# Record excerpts
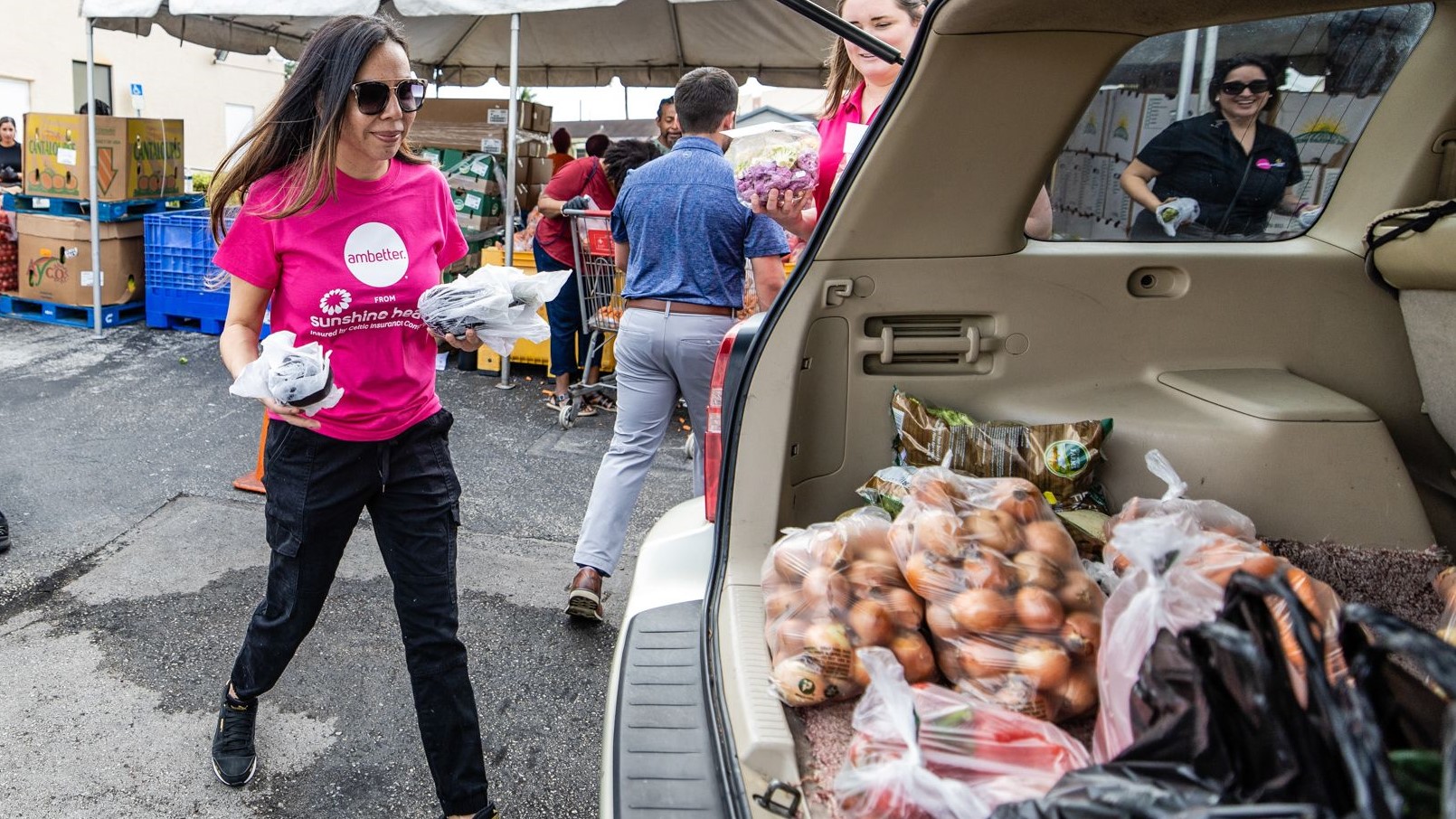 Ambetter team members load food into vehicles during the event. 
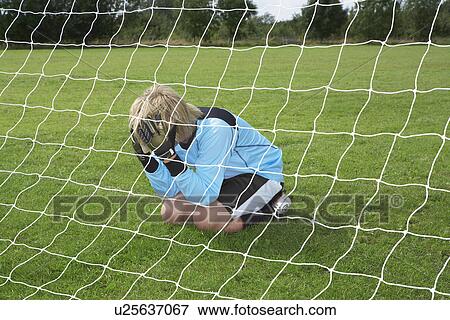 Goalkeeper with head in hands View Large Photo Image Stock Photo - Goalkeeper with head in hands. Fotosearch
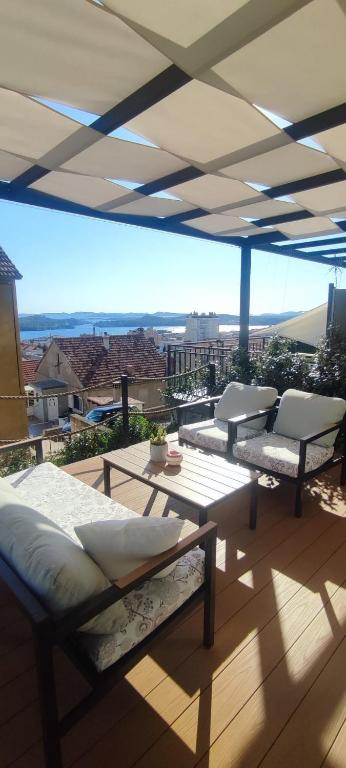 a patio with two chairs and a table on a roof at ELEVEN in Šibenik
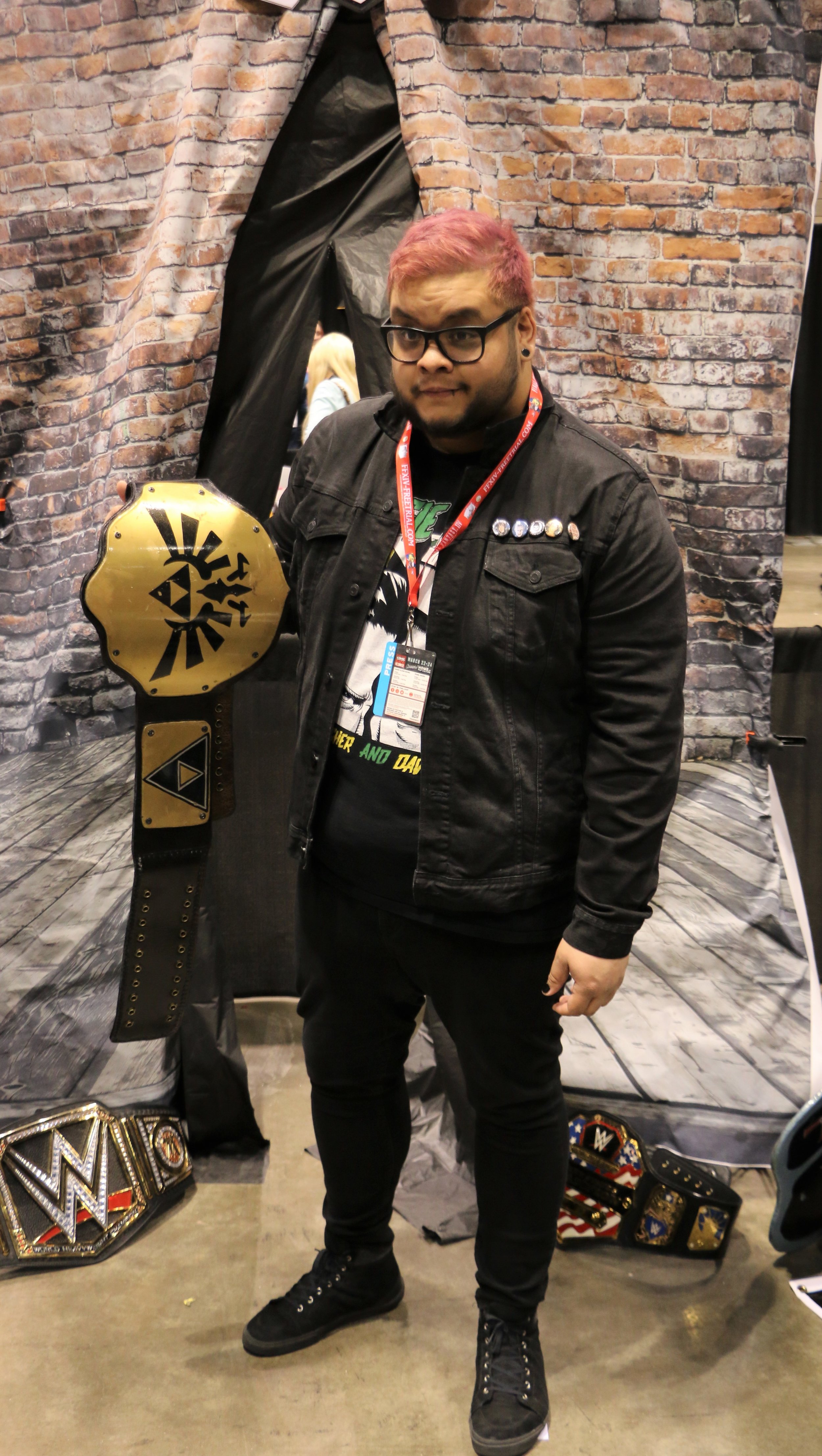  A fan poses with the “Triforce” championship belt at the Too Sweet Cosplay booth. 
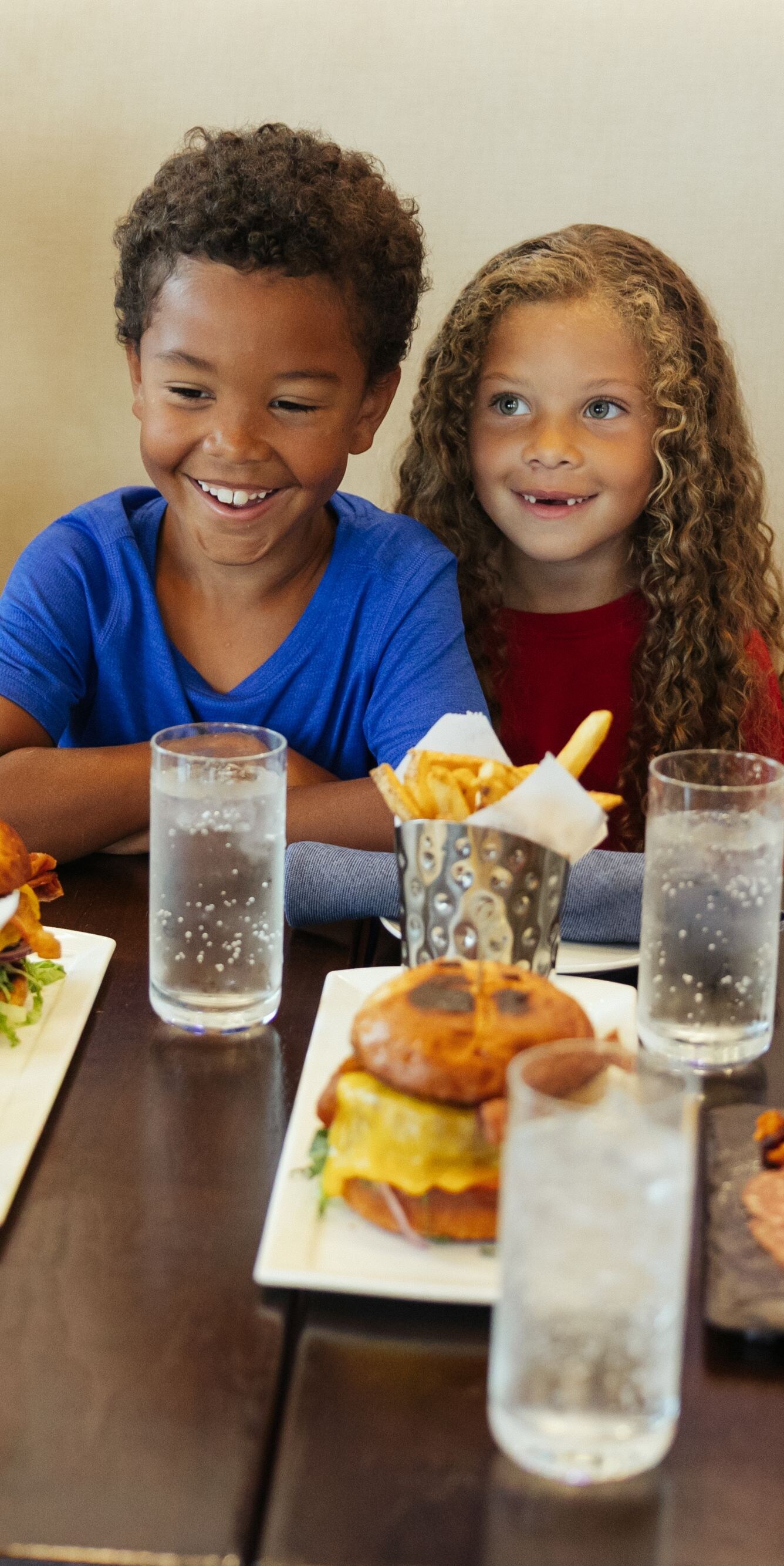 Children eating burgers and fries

# Requirement
Your reply should restate the data above word for word and contain no pictures.

# Response to the exercise
 Ambetter team members load food into vehicles during the event. 
 Goalkeeper with head in hands View Large Photo Image Stock Photo - Goalkeeper with head in hands. Fotosearch
 a patio with two chairs and a table on a roof at ELEVEN in Šibenik
  A fan poses with the “Triforce” championship belt at the Too Sweet Cosplay booth. 
 Children eating burgers and fries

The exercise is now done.